Originalidad. Esta es la palabra para definir el universo de Alberto. Los tópicos de su poética son reconocibles para cualquier espectador, pero su mirada propia, convierte lo cercano en mágica extrañeza, que contagia e influye igualmente en otros artistas, sin importar su disciplina. Tal es el caso de César Galindo, el galardonado director de Willaq Pirqa, que quiere hacer una película sobre los seres que habitan y definen la labor de Alberto.
Por lo dicho, estamos ante un magisterio, pero cómo fue su camino, es ahora la curiosidad.
“Con la crítica, la mayoría de las veces, me he llevado bien”. Al respecto, esto dijo Sebastián Salazar Bondy sobre él: “Del arte abstracto y del arte infantil proviene precisamente Alberto Quintanilla como pintor. Por fortuna, conserva en sus ojos la visión del niño o del primitivo (que es la del poeta), a la cual une la inclinación del artista actual hacia el logro de un lenguaje plástico que valga por él solo”. A lo que Alberto añade: “El problema no ha sido la crítica, mi obra ha sido y es muy apreciada en Europa. Mi problema era con el círculo racista y clasista de Lima. Me tenían envidia”.
El artista nos muestra un álbum de fotos. “Mira mi cabello muy negro, mi porte. Tenía mucho jale con las chicas. Se ponían celosos. Una vez estuve con una amiga en el café Haití, ella era extranjera, y en la mesa de al lado estaban los señores del circuito. Oe, cholo, qué suerte tienes, cómo la haces, me decían delante de ella creyendo que no sabía español. Cuando nos íbamos, ella se quedó y les dijo que ella es la que tiene suerte de estar con este cholo”.
Gracias a una beca de la Escuela de Bellas Artes de Cusco, Alberto viajó a Francia en 1961 “no para ver la torre Eiffel, ni ir al Louvre, lo primero que hice fue buscar una buena escuela de grabado. Muchos latinoamericanos y peruanos fueron a París a hacerse artistas y terminaron borrachos, sin obra porque no les gustaba trabajar. Creo que tengo jale con las chicas porque siempre me han visto trabajador”.
Sobre esa época parisina, Quintanilla prosigue: “Conocí a Julio Ramón Ribeyro y me invitaba a reuniones, en una de ellas conocí a Vargas Llosa, Jorge Piqueras, Rodríguez Larraín y fui amigo de Fernando de Szyszlo. Con Tilsa Tsuchiya y Gerardo Chávez nos veíamos. Pero una noche, Chávez y yo nos peleamos porque él había agredido a un amigo mío. Fue como una pelea de box, que gané”.

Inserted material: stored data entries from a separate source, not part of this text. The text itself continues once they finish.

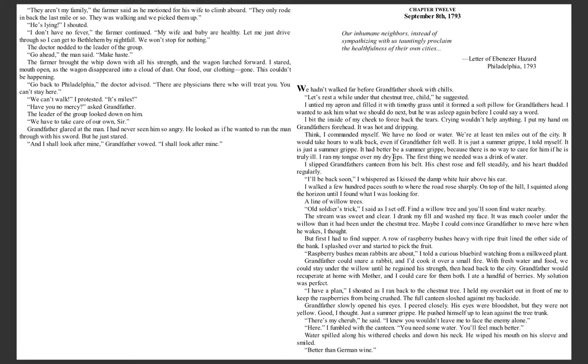Fever, 1793, by Laurie Halse Anderson. Chapter 12, September 8th, 1793.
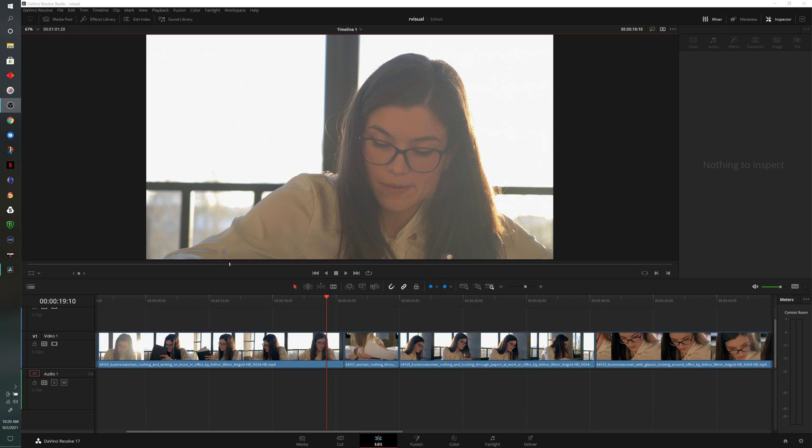Here we are on the edit page of DaVinci Resolve. You'll notice that I have clips already laid out on a timeline. These particular clips are from Artgrid. If you're interested in getting two free months on top of a yearly subscription, check my link in the description below.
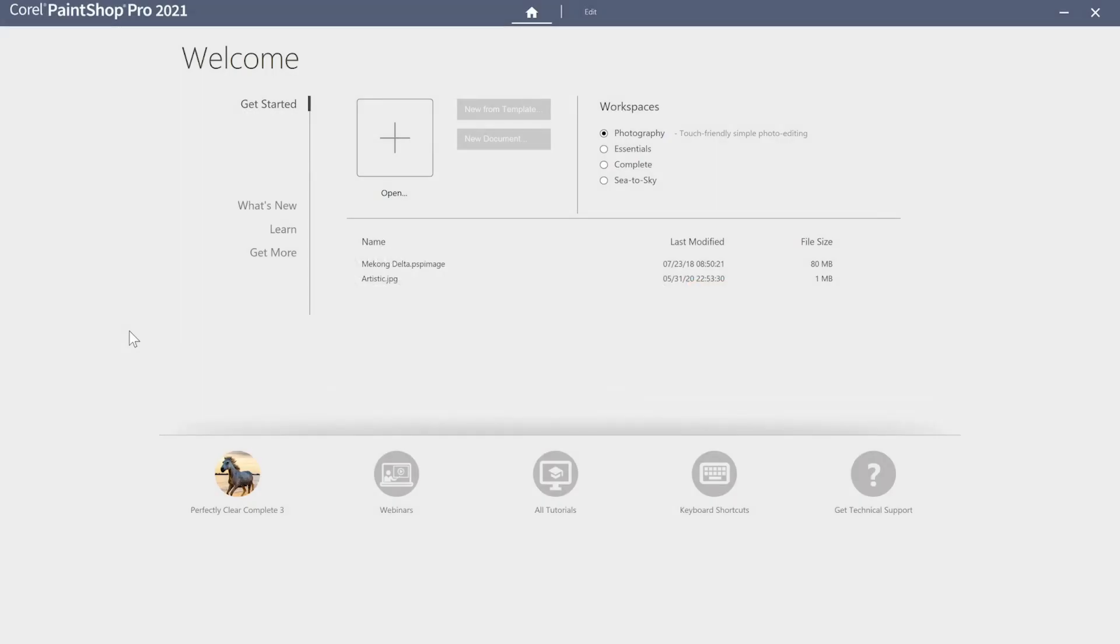PaintShop Pro is getting smarter. Turning your vision into reality has never been easier with the latest technology engineered into PaintShop Pro 2021. Highly effective tools and features powered by artificial intelligence and machine learning technology make creating something truly original achievable.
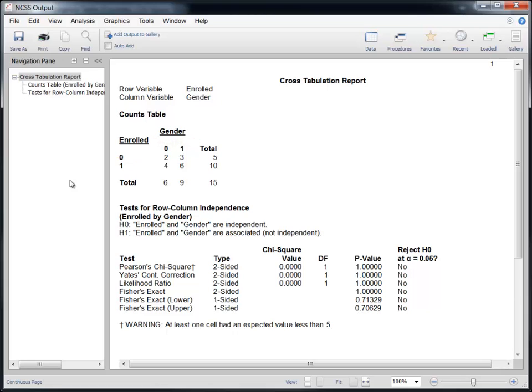One way to accomplish this would be to generate a new data column, replacing the 1s and 0s with Yes, No, Male, and Female, but a simpler approach would be to use value labels.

Sin embargo, esta experiencia le sirvió al artista para afianzar su tradición personal. “Se hablaba de surrealismo, pero en Perú tenemos dos mil años de surrealismo, tenemos los tejidos Paracas, la cerámica Nasca, los vasos y retratos Chimú, nuestra tradición posee color y poesía. Hay mucha tontería en el arte de hoy. Por ejemplo: pones un zapato sucio y es arte conceptual, juntas dos triángulos y se habla de arte geométrico. Por eso, les pido a los jóvenes que nos miremos más para ser artistas auténticos, hay demasiada mentira en estas corrientes de moda”.
Regresamos a la mesa central y Alberto coge su cuaderno en donde escribe poemas. El lapicero acaricia la página. Respira hondo. “Antes de que te vayas al diario y me ponga a trabajar, tomemos un vinito”.